B.       Dasar Hukum
Dasar hukumnya yaitu Undang-undang Nomor 23 Tahun 1997 Tentang Pengelolaan Lingkungan Hidup ketentuan mengenai Tindak Pidana Lingkungan Hidup pengaturannya dalam Pasal 41, 42, 43 dan Pasal 46.
a.    Pasal 41
1)   Barang siapa yang secara melawan hukum dengan sengaja melakukan perbuatan yang mengakibatkan pencemaran dan atau perusakan lingkungan hidup, diancam dengan pidana penjara paling lama 10 (sepuluh) tahun dan denda paling banyak Rp.500.000.000,00,- (lima ratus juta rupiah).
2)   Jika  tindak  pidana  sebagaimana  dimaksud  pada  ayat  (1)  mengakibatkan orang mati atau luka berat, pelaku  tindak pidana diancam penjara paling lama 15 (lima belas) tahun dan denda paling banyak Rp.750.000.000,- (tujuh ratus lima puluh juta rupiah).


b.    Pasal 42
1)   Barangsiapa yang karena kealpaannya melakukan perbuatan yang mengakibatkan pencemaran dan/atau perusakan lingkungan hidup, diancam dengan pidana penjara paling lama 3 (tiga) tahun dan denda paling banyak Rp.100.000.000,- (seratus juta rupiah).

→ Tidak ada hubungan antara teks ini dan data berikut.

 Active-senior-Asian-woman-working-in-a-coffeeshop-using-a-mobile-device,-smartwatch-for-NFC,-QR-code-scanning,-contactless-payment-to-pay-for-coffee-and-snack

2)   Jika  tindak  pidana  sebagaimana  dimaksud  pada  ayat  (1)  mengakibatkan orang mati atau luka berat, pelaku  tindak pidana diancam penjara paling lama  5  (lima)  tahun  dan  denda  pidana  paling  banyak  Rp.150.000.000,- (seratus lima puluh juta rupiah).
c.    Pasal 43
1)   Barangsiapa yang dengan melanggar perundang-undangan yang berlaku, sengaja melepaskan atau membuang zat, energi, dan/atau komponen lain yang berbahaya tau beracun masuk di atas atau ke dalam tanah, ke dalam udara atau ke dalam air permukaan, melakukan impor, ekspor, memperdagangkan,  mengangkut,  menyimpan bahan tersebut, menjalankan instalasi yang berbahaya, padahal mengetahui atau sangat beralasan untuk menduga bahwa perbuatan   tersebut dapat menimbulkan pencemaran dan/atau perusakan lingkungan hidup atau membahayakan kesehatan umum atau nyawa orang lain,  diancam  pidana paling lama 6 (enam)  tahun dan denda paling banyak Rp.300.000.000,- (tiga ratus juta rupiah).
2)   Diancam dengan pidana yang sama dengan pidana sebagaimana dimaksud pada  ayat (1), barang siapa yang dengan sengaja memberikan informasi palsu atau menghilangkan  atau menyembunyikan  atau merusak  informasi yang diperlukan dalam kaitannya dengan perbuatan sebagaimana dimaksud pada ayat  (1), padahal  mengetahui  atau sangat beralasan untuk menduga bahwa perbuatan tersebut dapat menimbulkan pencemaran dan/atau perusakan lingkungan hidup atau membahayakan  kesehatan  umum  atau nyawa orang lain.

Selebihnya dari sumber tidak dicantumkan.